**TASK BRIEF**
Please output only the lines that begin at the line with "1-комнатная квартира ·" and run through the end of the entries below, exactly as written. Drop all pictures.

-------- ENTRIES SUPPLIED

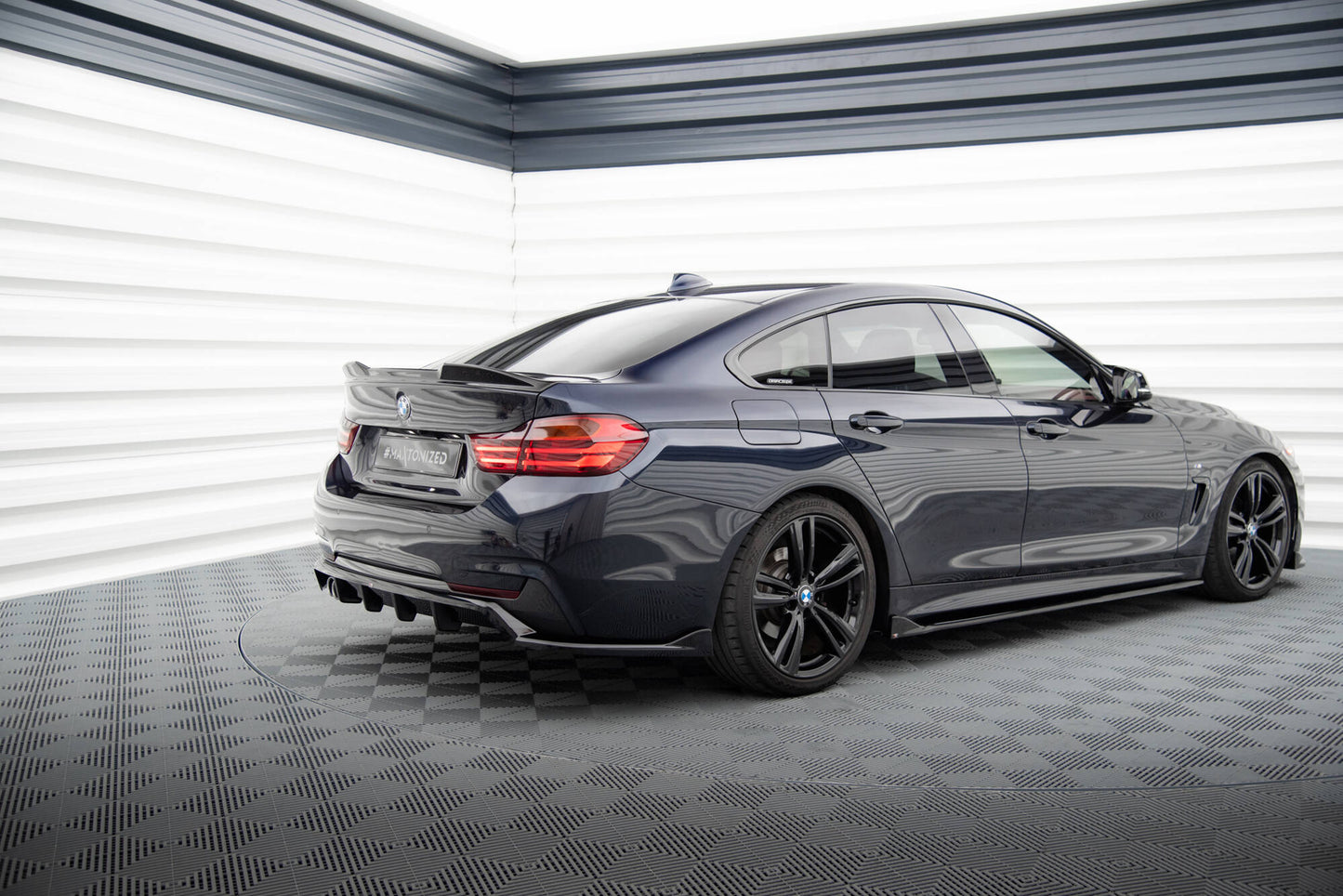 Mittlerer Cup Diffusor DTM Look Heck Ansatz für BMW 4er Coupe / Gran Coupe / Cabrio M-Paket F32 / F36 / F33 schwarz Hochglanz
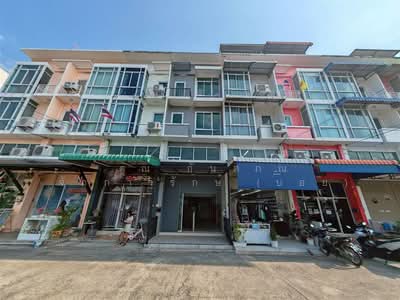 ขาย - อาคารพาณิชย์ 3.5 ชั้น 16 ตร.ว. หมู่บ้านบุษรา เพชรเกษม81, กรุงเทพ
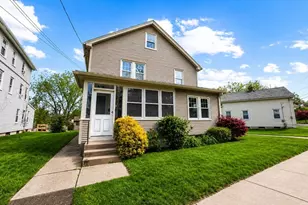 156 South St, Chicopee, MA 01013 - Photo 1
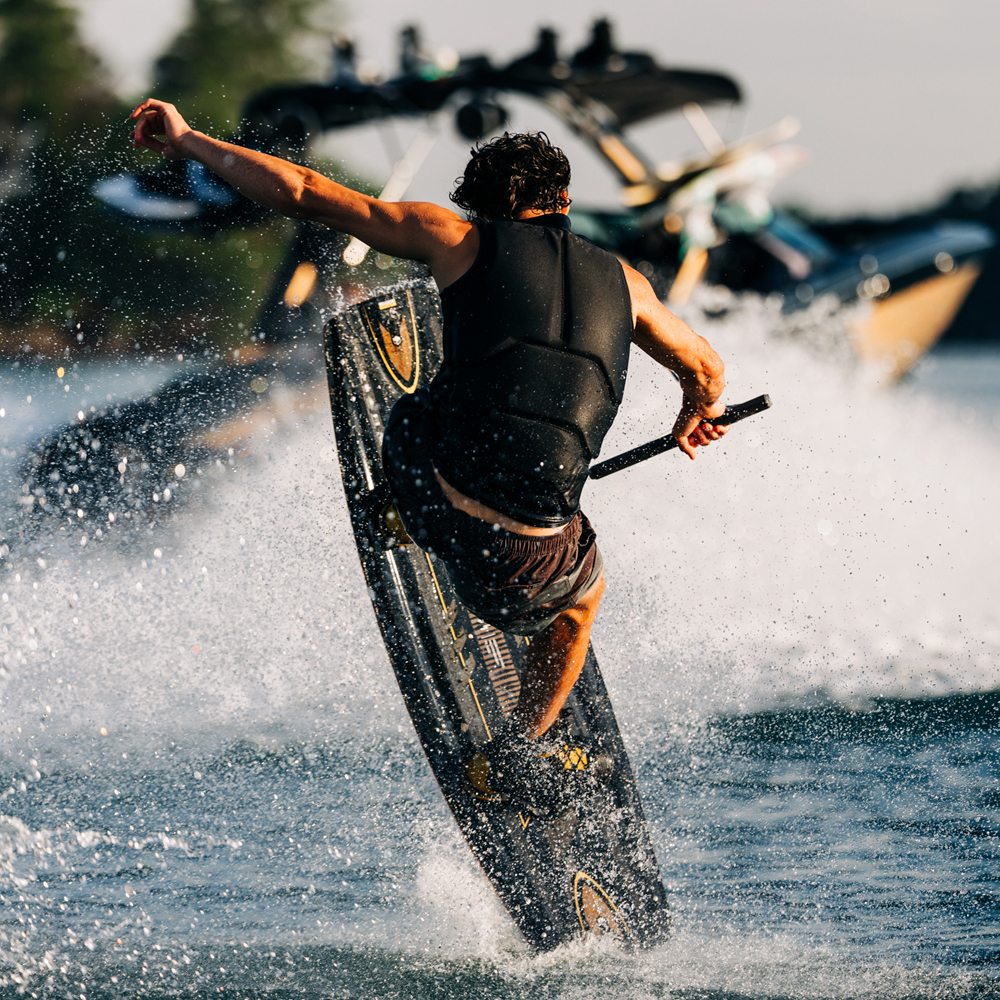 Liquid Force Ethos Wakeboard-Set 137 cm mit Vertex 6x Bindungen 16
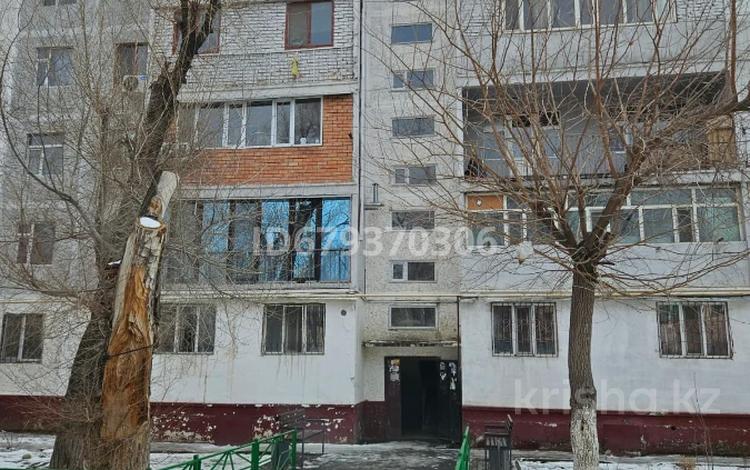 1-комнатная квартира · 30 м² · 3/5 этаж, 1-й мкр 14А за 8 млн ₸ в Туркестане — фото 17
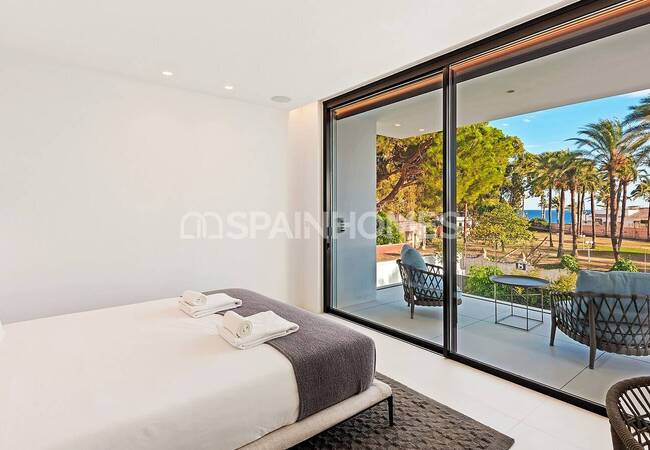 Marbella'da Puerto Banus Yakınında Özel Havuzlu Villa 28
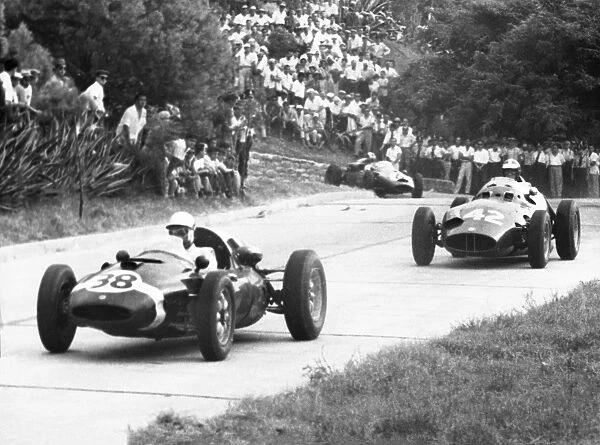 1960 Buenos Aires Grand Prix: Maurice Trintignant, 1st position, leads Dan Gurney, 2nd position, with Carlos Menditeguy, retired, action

----------------

**OUTPUT FOR THIS EXERCISE**
 1-комнатная квартира · 30 м² · 3/5 этаж, 1-й мкр 14А за 8 млн ₸ в Туркестане — фото 17
 Marbella'da Puerto Banus Yakınında Özel Havuzlu Villa 28
 1960 Buenos Aires Grand Prix: Maurice Trintignant, 1st position, leads Dan Gurney, 2nd position, with Carlos Menditeguy, retired, action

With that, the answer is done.